Dans l'esprit et dans le coeur

Sarah glissa la cassette dans l'auto-radio. La bande grésillait un peu. Puis, après quelques secondes, la voix des Bee Gees emplit l'habitacle de la voiture: I know your eyes in the morning sun, I feel you touch me in the pouring rain... 

La-dite cassette était arrivée dans une grande enveloppe avec un dossier épais d'une dizaine de pages. L'ensemble avait été posté au Japon trois semaines plus tôt. Quand Sarah avait vu la provenance du courrier son coeur s'était emballé. C'était Alexandre. Oui, c'était bien lui. Après huit mois de silence il lui donnait des nouvelles. Il était maintenant installé à Nagoya. Il visitait la ville et les environs. L'Europe lui manquait, l'Italie lui manquait, son passé lui manquait mais il n'envisageait pas de rentrer. C'était encore trop tôt.
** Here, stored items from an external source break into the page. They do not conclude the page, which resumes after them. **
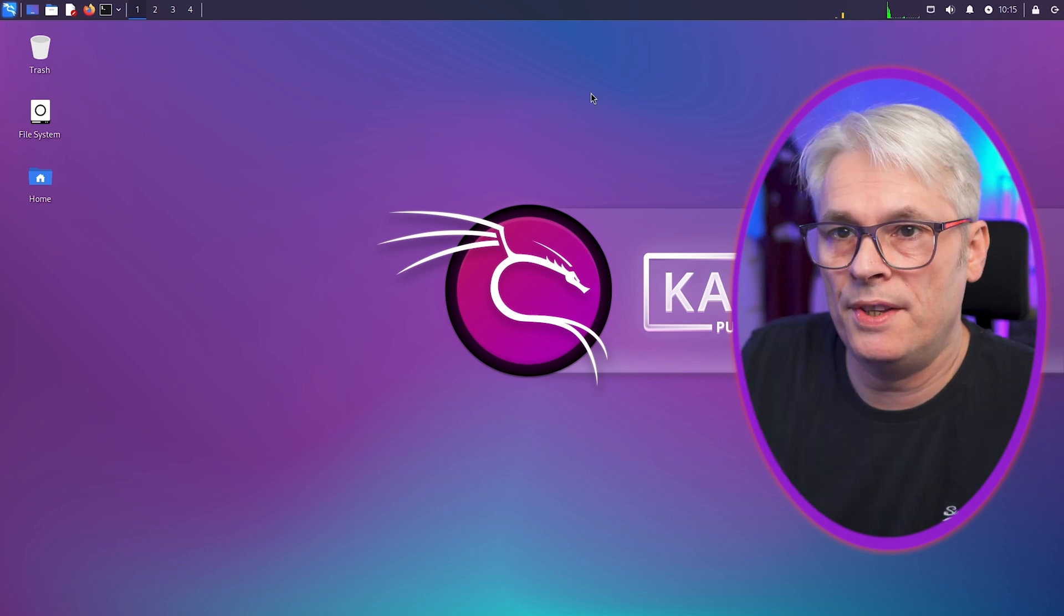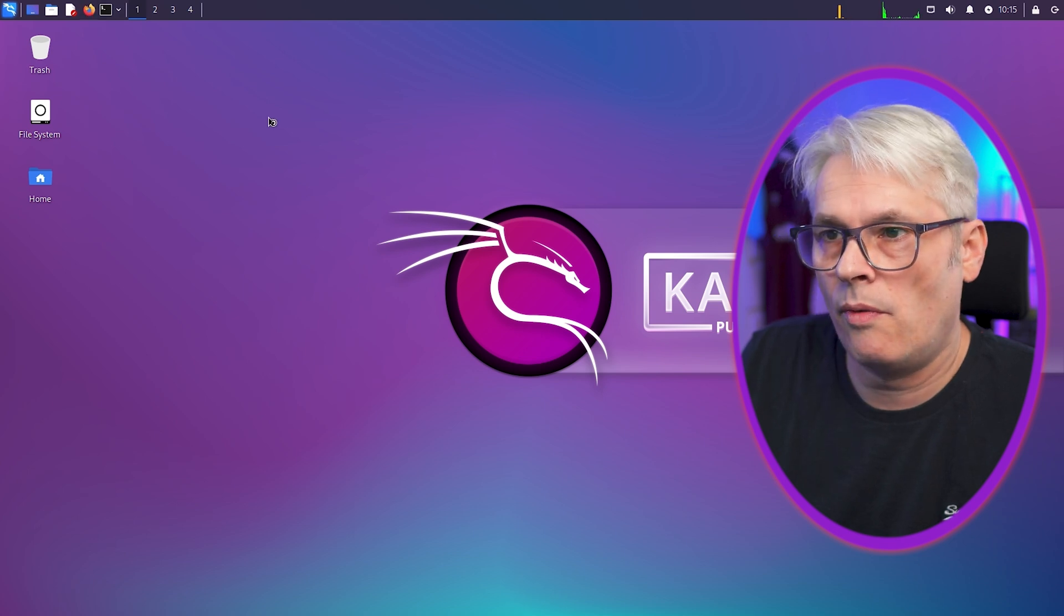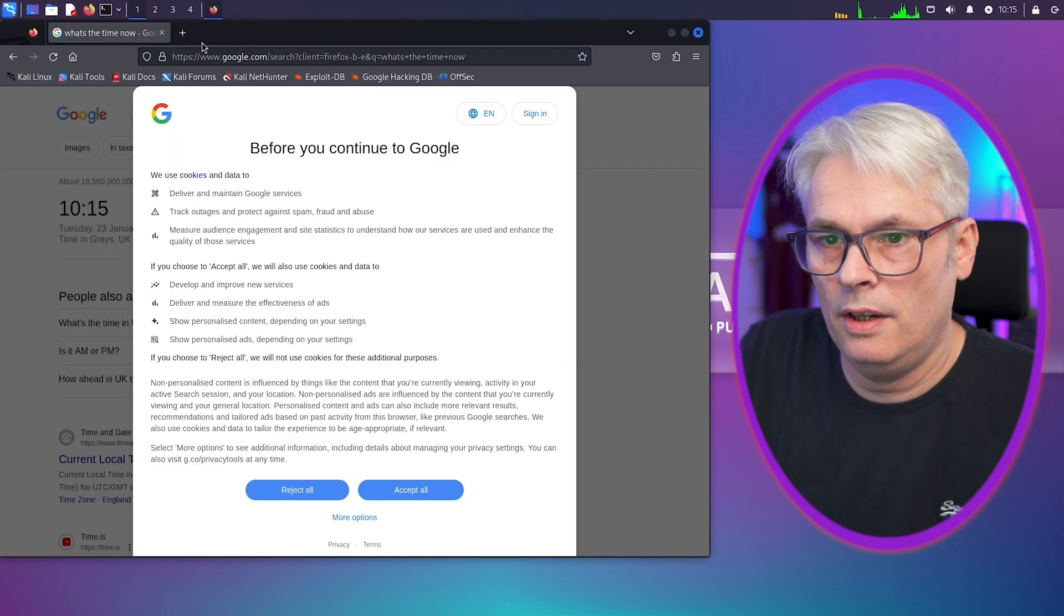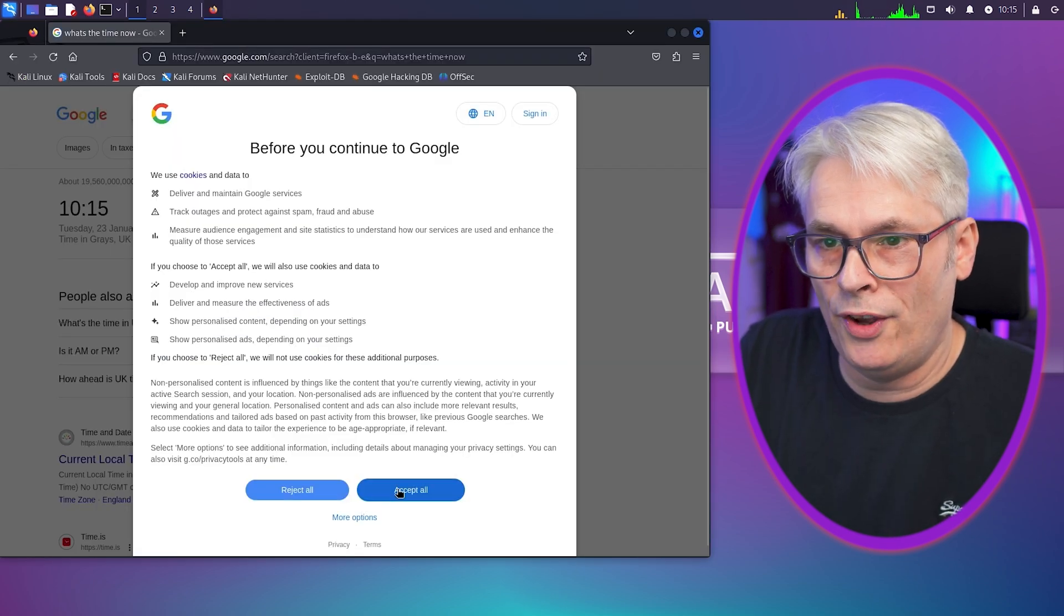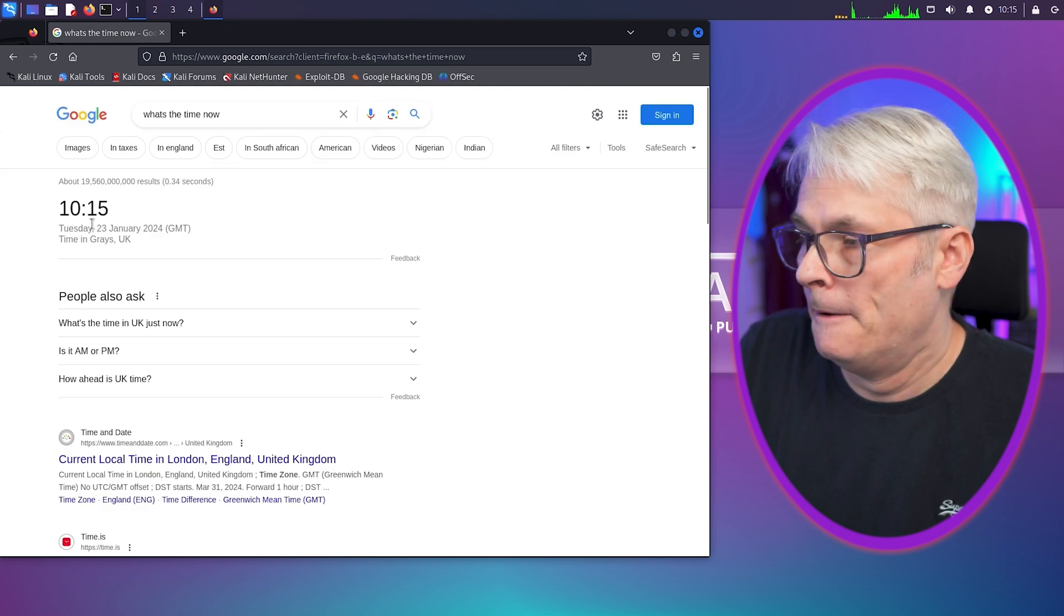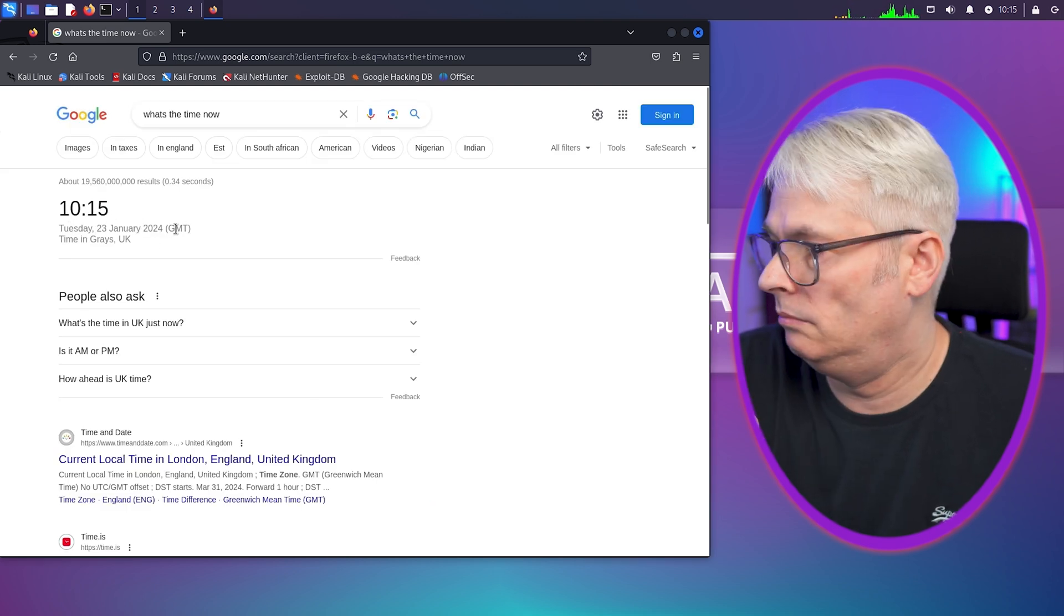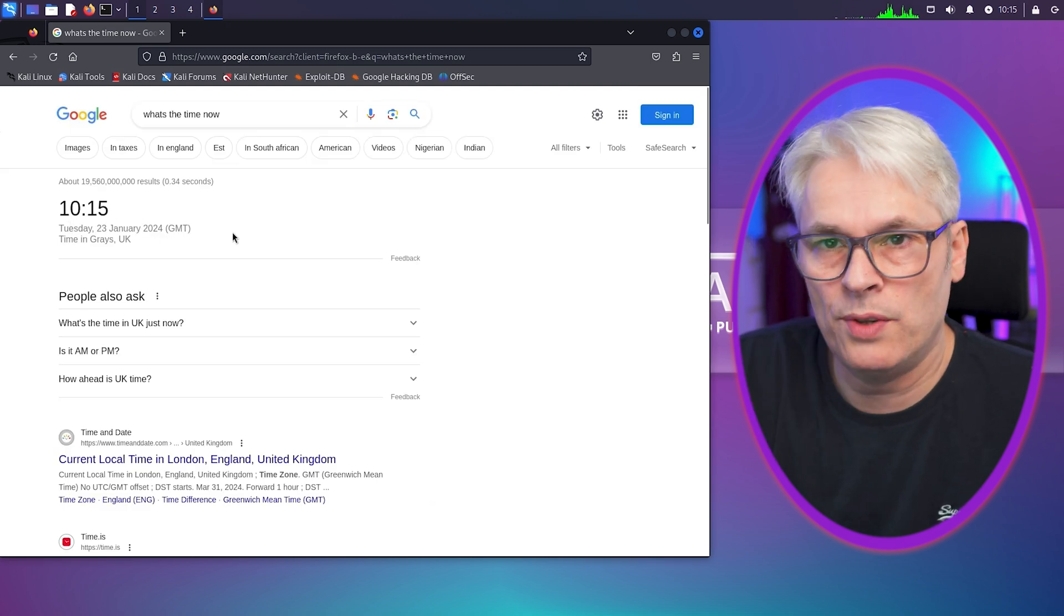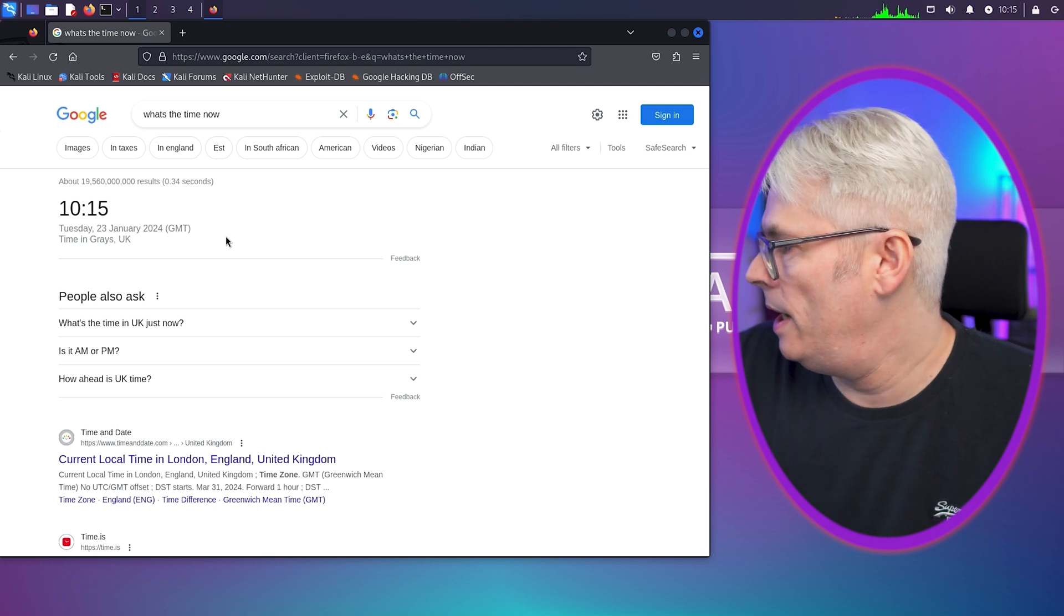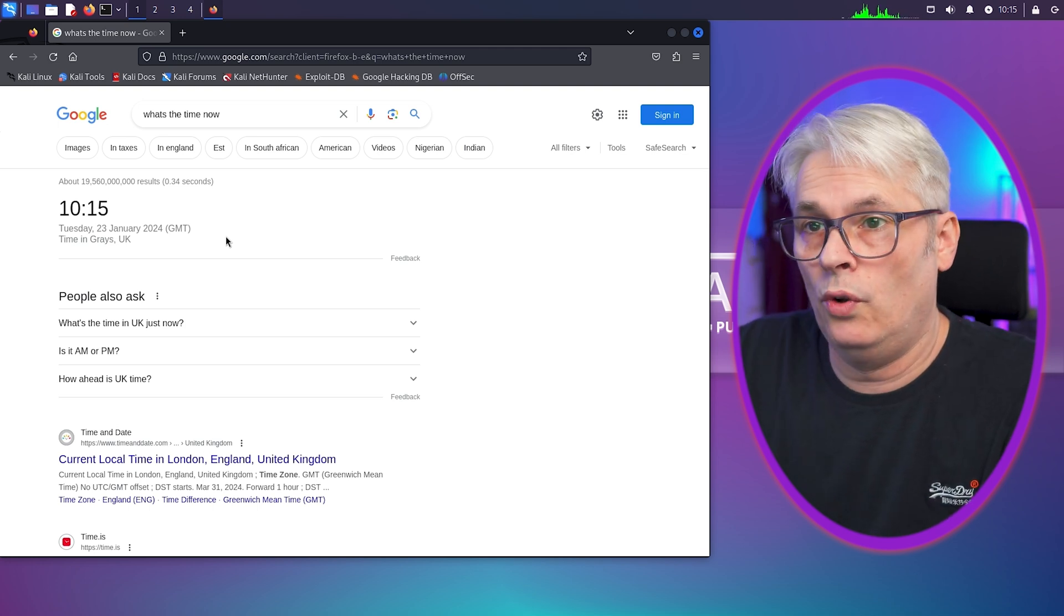But this is right now. There you go. 10:15, Tuesday, 23rd of January, 2024. This video will go out next week, which will be the first or thereabouts.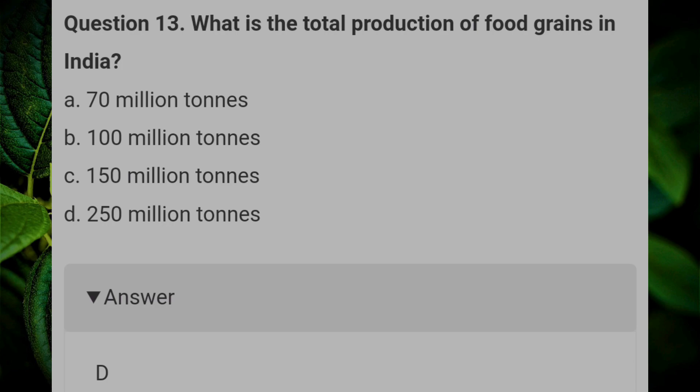What is the total production of food grains in India? Answer D: 250 million tons.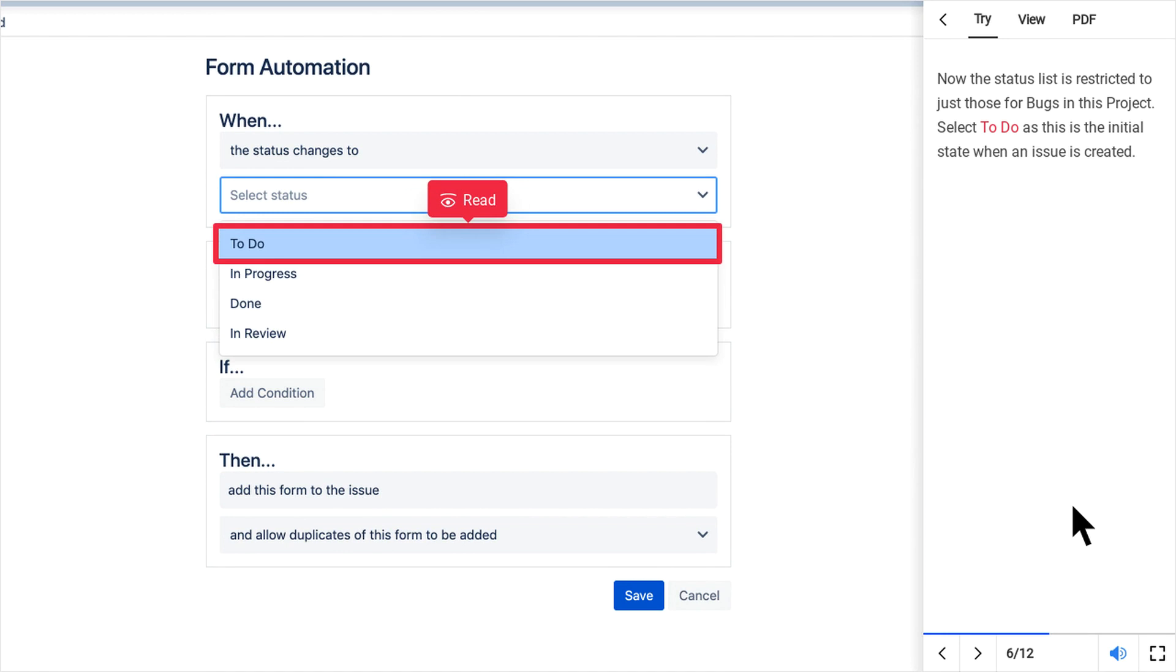Now the status list is restricted to just those for bugs in this project. Select To Do as this is the initial state when an issue is created.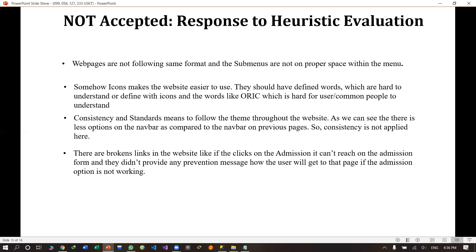They have written that somehow they can make the website easier, and it is hard for users or common people to understand what 'auric' means. So when we go to the auric options, there is a proper option. We have designed the point of opportunities, so there will not be any difficulty for the user.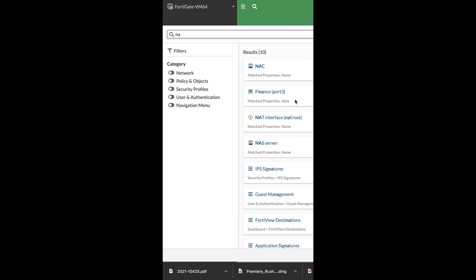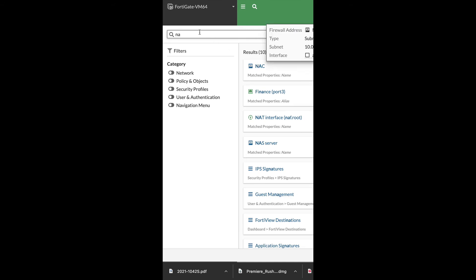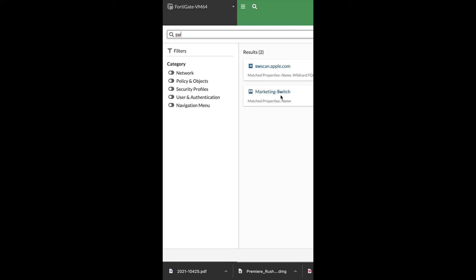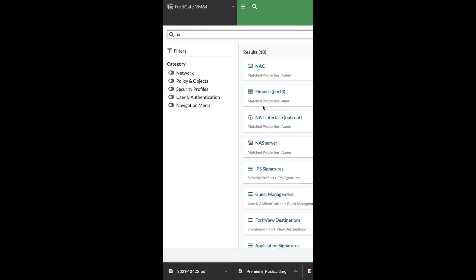just use the global search. Use it with the first letters of the network object that you look for. You can also use the full word and you will find just about anything on your network along with its IP address.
Dans la lettre qui accompagnait la cassette et le récit, il avait expliqué les raisons de son départ. Il disait aussi pourquoi il lui avait envoyé cette cassette. Celle-ci, vestige de son passé à Combloux, l'avait accompagnée sa vie durant. Il n'y avait dessus que des titres des années 70 et 80, ses titres préférés de l'époque. Ces chansons étaient un lien avec les siens, du temps où il vivait encore avec eux. A chaque fois qu'il les écoutait il pensait aux moments qu'ils avaient passé ensemble. Cette cassette était une façon de ne pas les oublier. Il espérait à présent que grâce à cette cassette Sarah ne l'oublierait pas.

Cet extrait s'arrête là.